Major vulnerabilities have been discovered in the Realtek RTL8195A Wi-Fi module that could have been exploited to gain root access and take complete control of a device’s wireless communications.
The six flaws were reported by researchers from Israeli IoT security firm Vdoo.
The Realtek RTL8195A module is a standalone, low-power-consumption Wi-Fi hardware module targeted at embedded devices used in several industries such as agriculture, smart home, healthcare, gaming, and automotive sectors.
It also makes use of an “Ameba” API, allowing developers to communicate with the device via Wi-Fi, HTTP, and MQTT, a lightweight messaging protocol for small sensors and mobile devices.
Although the issues uncovered by Vdoo were verified only on RTL8195A, the researchers said they extend to other modules as well, including RTL8711AM, RTL8711AF, and RTL8710AF.
The flaws concern a mix of stack overflow, and out-of-bounds reads that stem from the Wi-Fi module’s WPA2 four-way handshake mechanism during authentication.

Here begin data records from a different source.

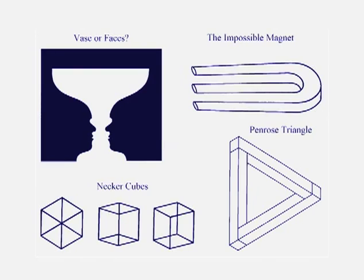In the lower left are things called Necker cubes. They're just geometric figures, and if you stare at them for a while, they will appear to flip, and the backside will become the front side, and the front side will become the backside. Well, it takes a little while for that to happen. It may work for some of you, but not others.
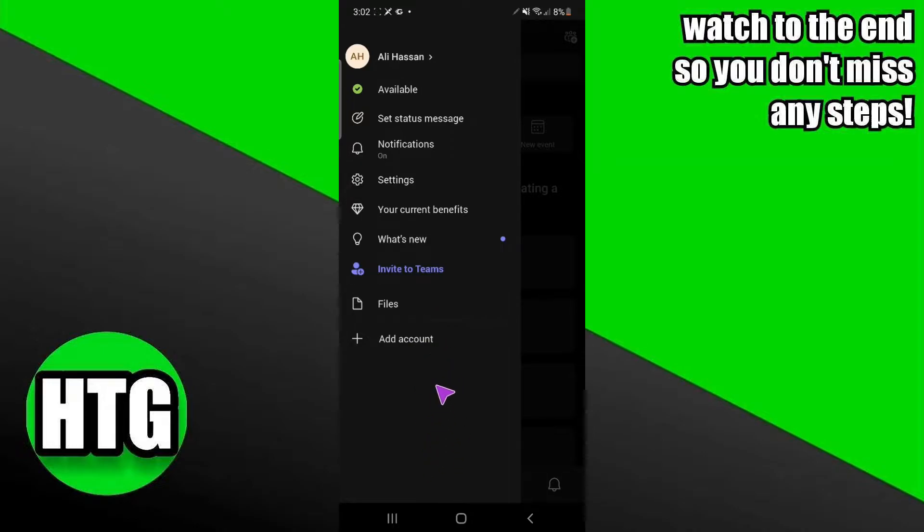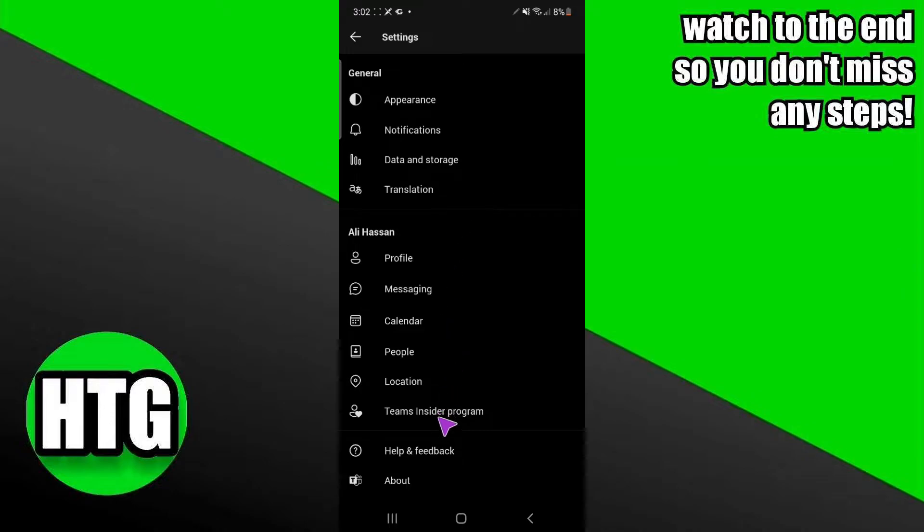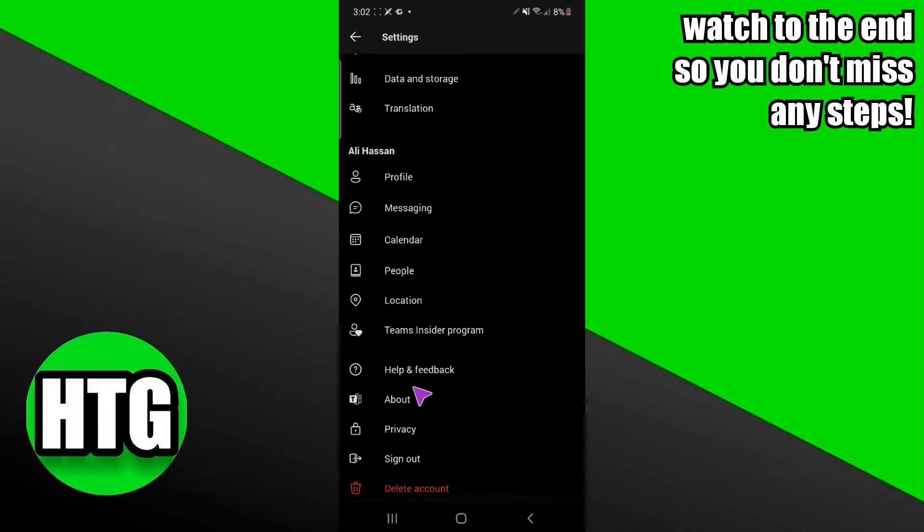After selecting any account you want to remove, you just have to click on this settings icon. In settings, you have to scroll down and you can either sign out or delete the account. It's totally up to you.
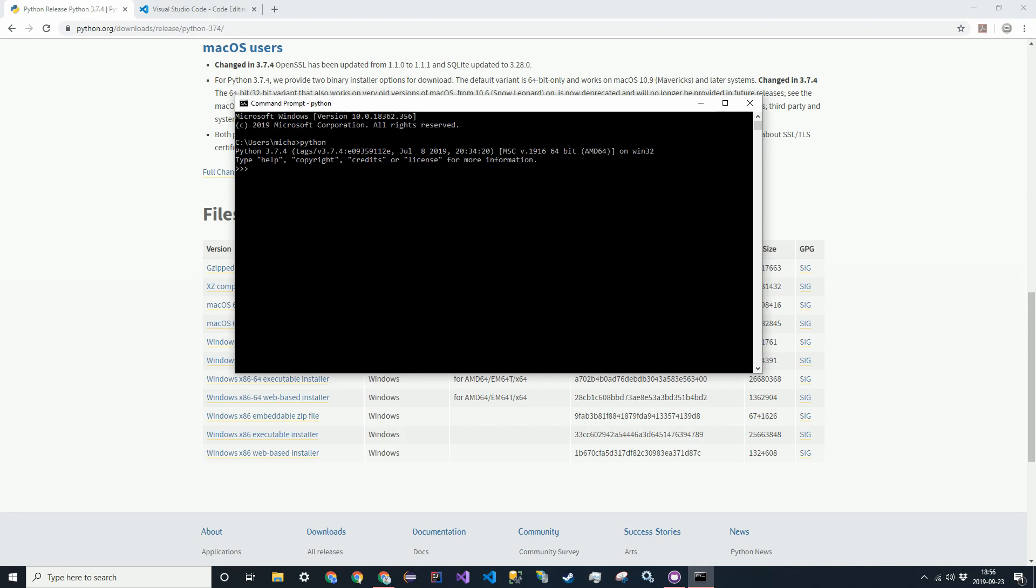So this is the Python command line. You can run Python commands from it. I'm just going to go ahead and do print hello world. It's a classic one. And it prints hello world. So yeah, that's Python.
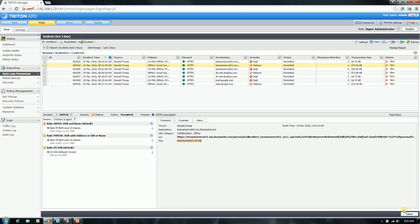And that is a video on demonstrating the power of OCR. Thank you.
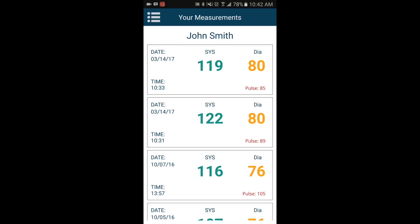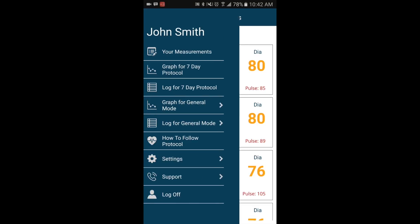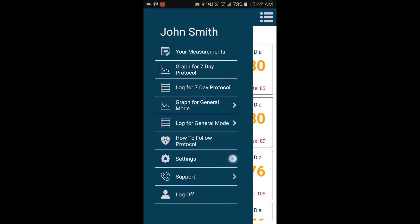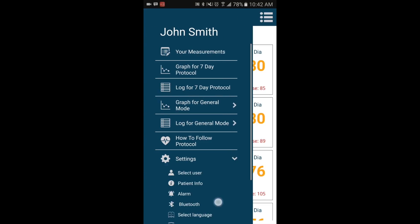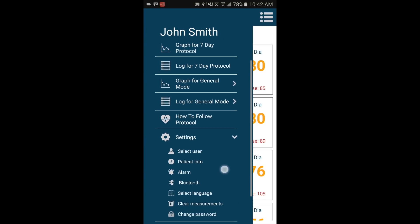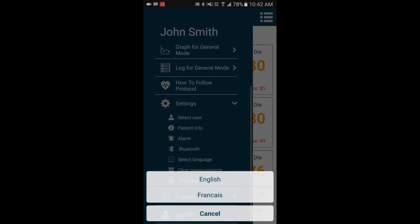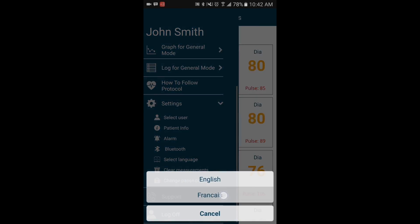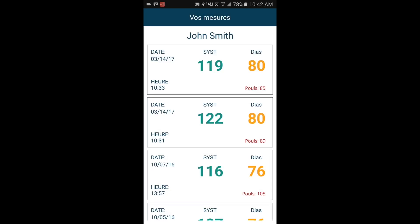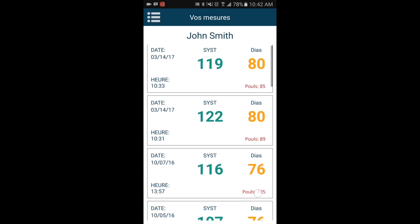You can choose to view the app in English or French. To change the language, go into Settings and choose Select Language. You can now choose your desired language.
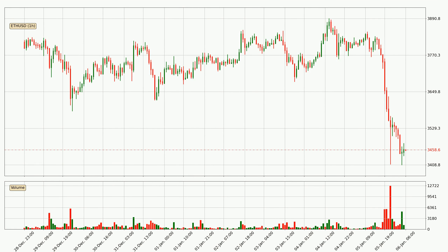Looking at the hourly time frame for Ethereum, the price rapidly went down with around 9.5% in the last 24 hours, with a current price of 3,459. We can see that the sellers are taking over because the volume was high, showing that this move was strong.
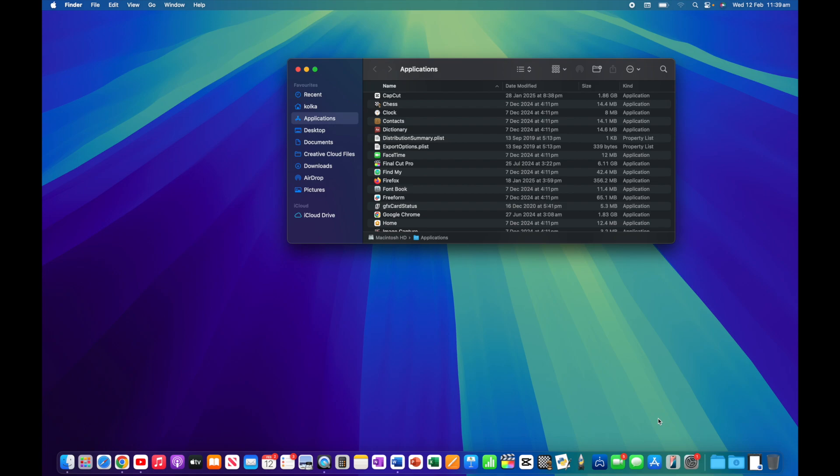So there you have a number of different options that will allow you to customize your dock on Mac. I hope you found something useful. If you have, please give the video a like, subscribe to the channel, and I'll see you next time.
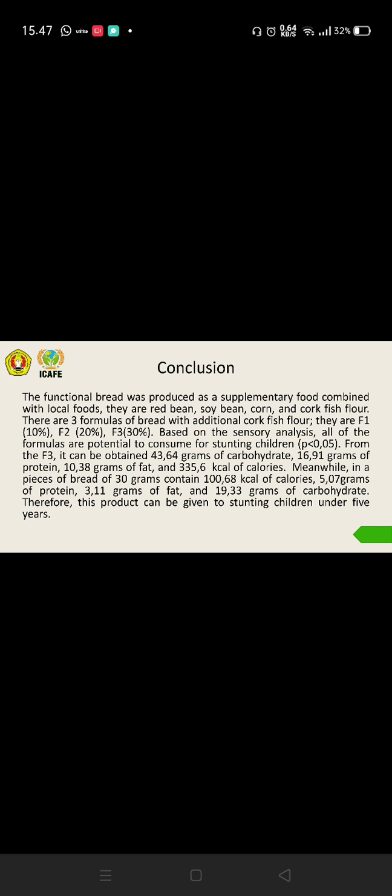The conclusion: the functional bread was produced as a supplementary food combined with local foods. They are red bean, soy bean, corn, and catfish flour. There are three formulas of bread with additional catfish flour: formula one, formula two, and formula three. Based on the sensory analysis, all the formulas are potential to consume for stunting children, and the best formula is formula three.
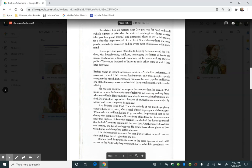And Brahms loved food. The main melody of his third symphony came to him, he reported, after a meal of fresh asparagus and champagne. When a doctor told him he had to go on a diet, he protested that he was dining with composer Johann Strauss, one of his favorite dinner companions, that night. Chicken with paprika. And he asked the doctor to pretend that he hadn't come to see him until the next day.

Chief among them is a buffer overflow vulnerability (CVE-2020-9395) that permits an attacker in the proximity of an RTL8195 module to completely take over the module, without having to know the Wi-Fi network password (or pre-shared key) and regardless of whether the module is acting as a Wi-Fi access point (AP) or client.
Two other flaws can be abused to stage a denial of service, while another set of three weaknesses, including CVE-2020-25854, could allow exploitation of Wi-Fi client devices and execute arbitrary code.
Thus in one of the potential attack scenarios, an adversary with prior knowledge of the passphrase for the WPA2 Wi-Fi network that the victim device is connected to can create a malicious AP by sniffing the network’s SSID and Pairwise Transit Key (PTK) — which is used to encrypt traffic between a client and the AP — and force the target to connect to the new AP and run malicious code.
Realtek, in response, has released Ameba Arduino 2.0.8 with patches for all the six vulnerabilities found by Vdoo. It’s worth noting that firmware versions released after April 21, 2020, already come with the necessary protections to thwart such takeover attacks.
“An issue was discovered on Realtek RTL8195AM, RTL8711AM, RTL8711AF, and RTL8710AF devices before 2.0.6,” the company said in a security bulletin. “A stack-based buffer overflow exists in the client code that takes care of WPA2’s 4-way-handshake via a malformed EAPOL-Key packet with a long keydata buffer.”